Here is the general schema for interpreting these plots:

↑

more significant

\ | /

------|----|----|----------> log2(FC)

-1 0 +1

Where:

Points far left or right = large fold changes
Points higher up = low FDR (more statistically significant)
Proteins in the upper left/right corners = most biologically and statistically significant

Knowing this, those points which fall above our statistically significant line of demarkation (FDR < 0.05) and are furthest from 0 (log2_FC > 1 or < 1) are of most interest. And we’ve got more than a handful of them!

Conclusion

Analyzing protein abundance in tissue can help inform very real biological questions like the one our data supported: where the effect of molecular inhibitors revealed regulatory signaling pathways involved in chronic disease.
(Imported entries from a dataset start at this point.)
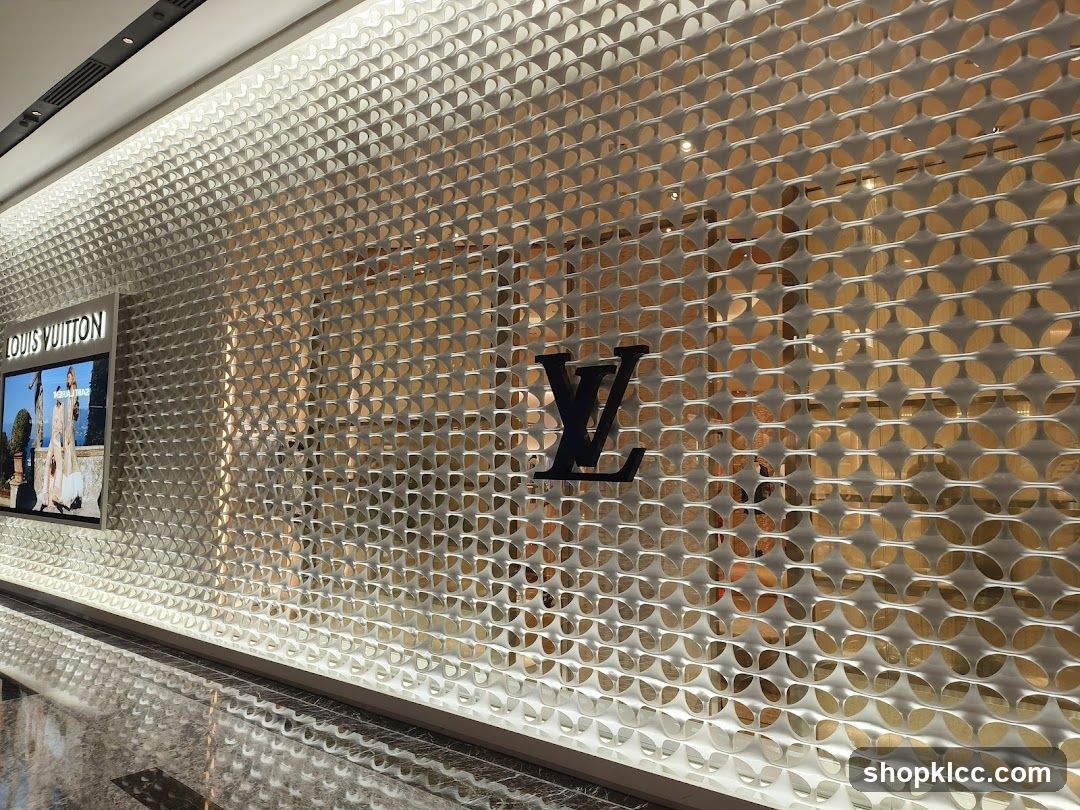 Louis Vuitton Storefront
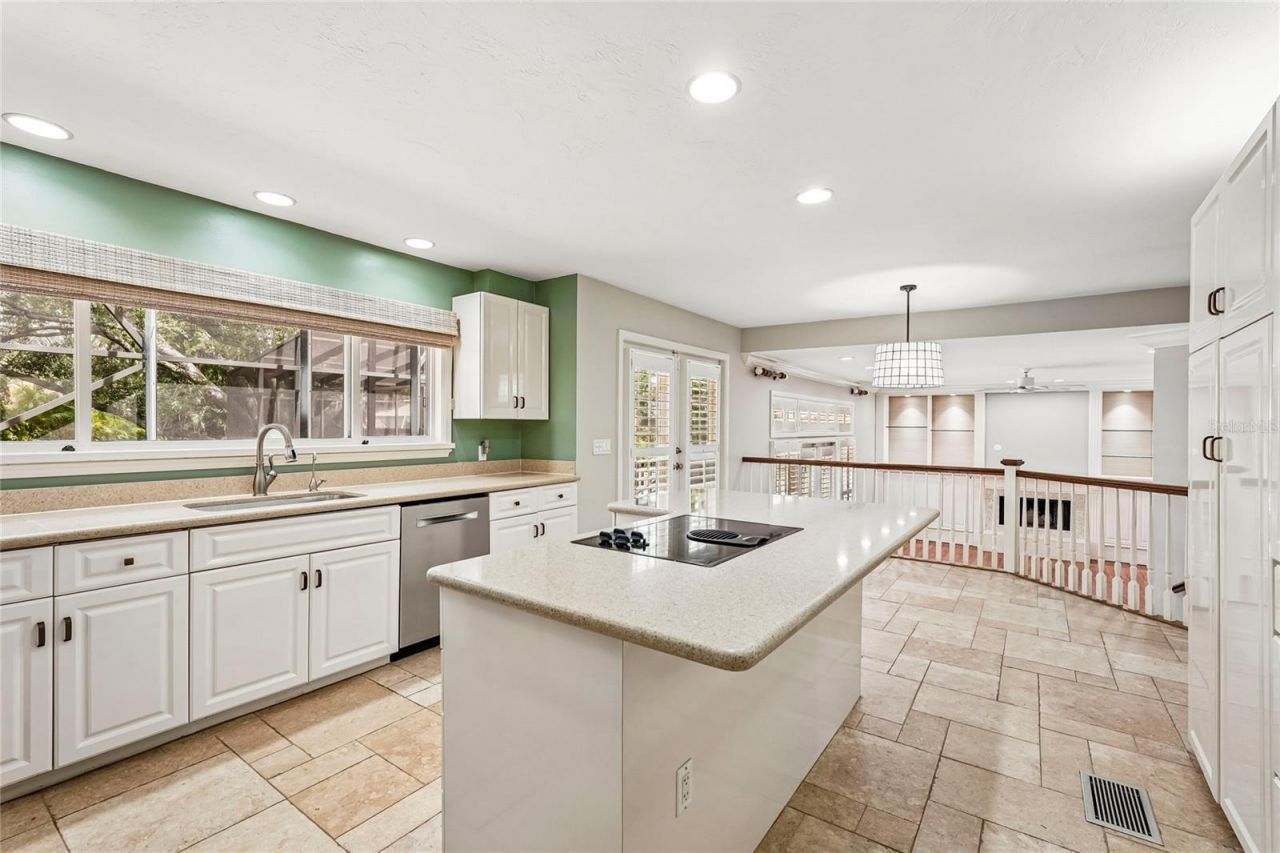 1675 Landings Lane, Sarasota, FL 34231 Photo
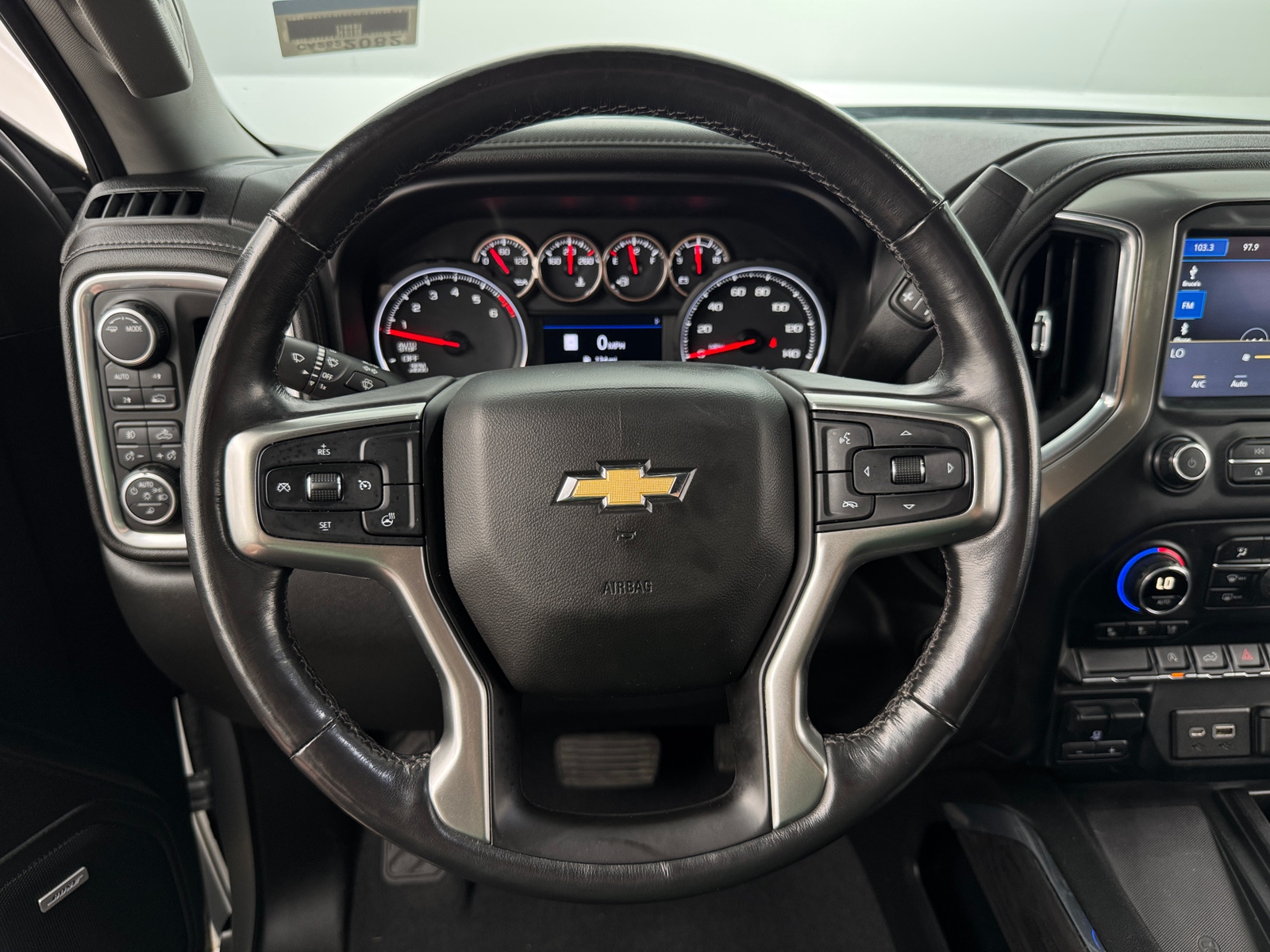 Thumbnail: 2020 Chevrolet Silverado 1500 - 4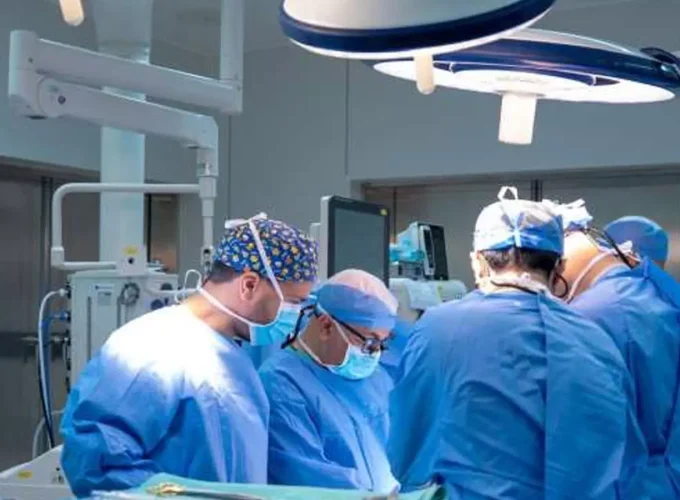1472827-oman-medical-team (1)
I mentioned drawing many parallels between protein and scRNA-seq analysis earlier. Here, we’ve compared protein abundance across two conditions to identify proteins whose expression levels significantly change. This is effectively the proteomics analog to RNA-seq differential gene expression.

So now, we know how to work with single-cell RNA data, spatial transcriptomics data and protein abundance data. Look out for next week’s lesson on multi-modal data integration where we put it all together to paint a comprehensive picture of cellular behavior and function!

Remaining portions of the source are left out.